Data entries:
********

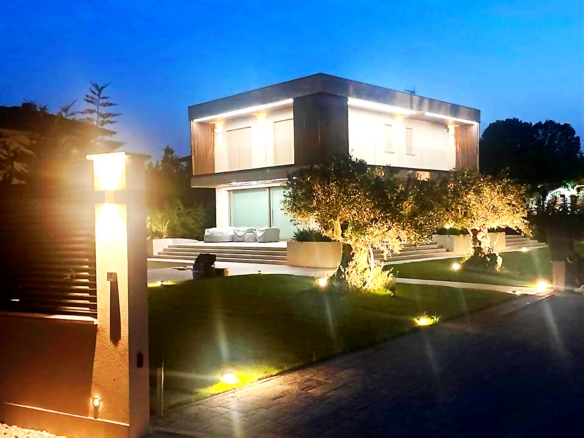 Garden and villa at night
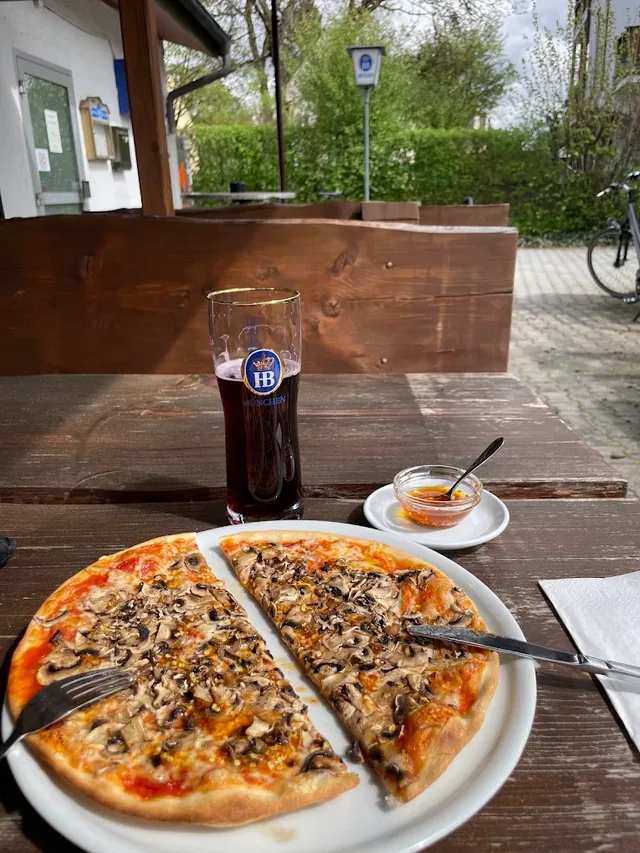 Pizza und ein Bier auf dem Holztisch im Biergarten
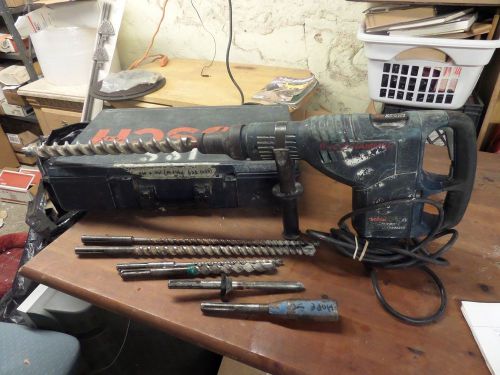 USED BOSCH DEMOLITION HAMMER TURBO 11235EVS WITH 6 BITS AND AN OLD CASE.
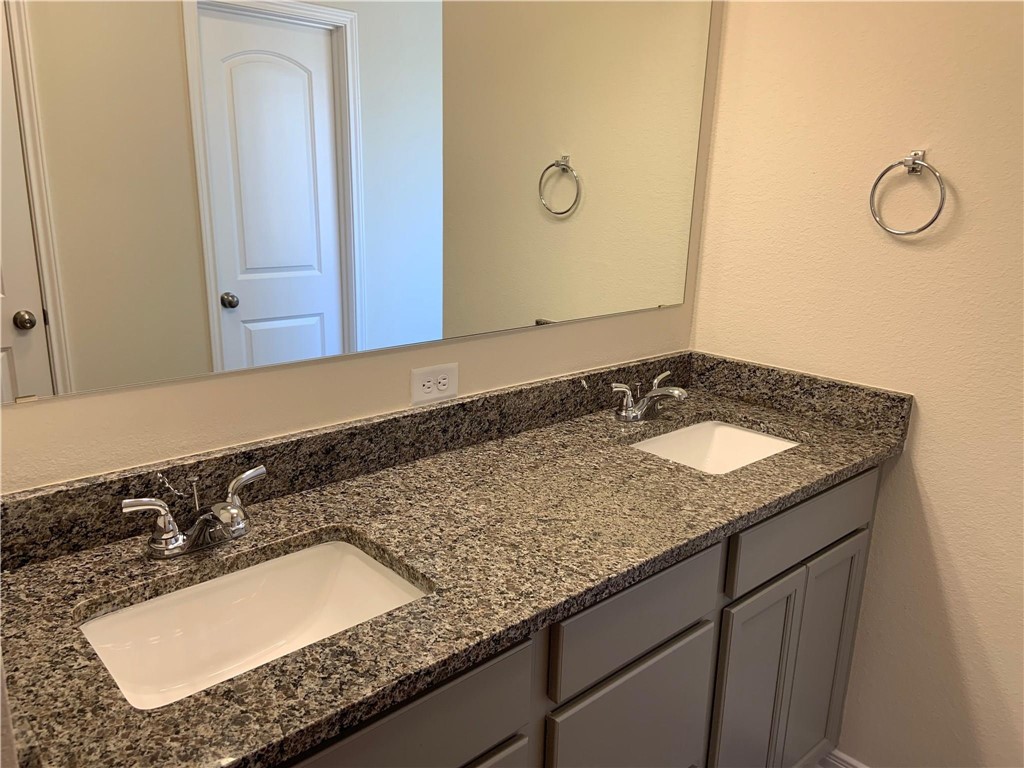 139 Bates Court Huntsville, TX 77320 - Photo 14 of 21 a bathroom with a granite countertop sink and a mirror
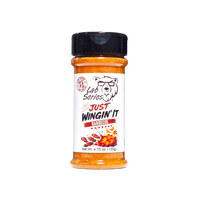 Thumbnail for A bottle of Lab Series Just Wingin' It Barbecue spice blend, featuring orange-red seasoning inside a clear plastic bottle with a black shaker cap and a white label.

********

Instructions to follow:
Copy all records exactly, no images.

The completed task:
 Garden and villa at night
 Pizza und ein Bier auf dem Holztisch im Biergarten
 USED BOSCH DEMOLITION HAMMER TURBO 11235EVS WITH 6 BITS AND AN OLD CASE.
 139 Bates Court Huntsville, TX 77320 - Photo 14 of 21 a bathroom with a granite countertop sink and a mirror
 Thumbnail for A bottle of Lab Series Just Wingin' It Barbecue spice blend, featuring orange-red seasoning inside a clear plastic bottle with a black shaker cap and a white label.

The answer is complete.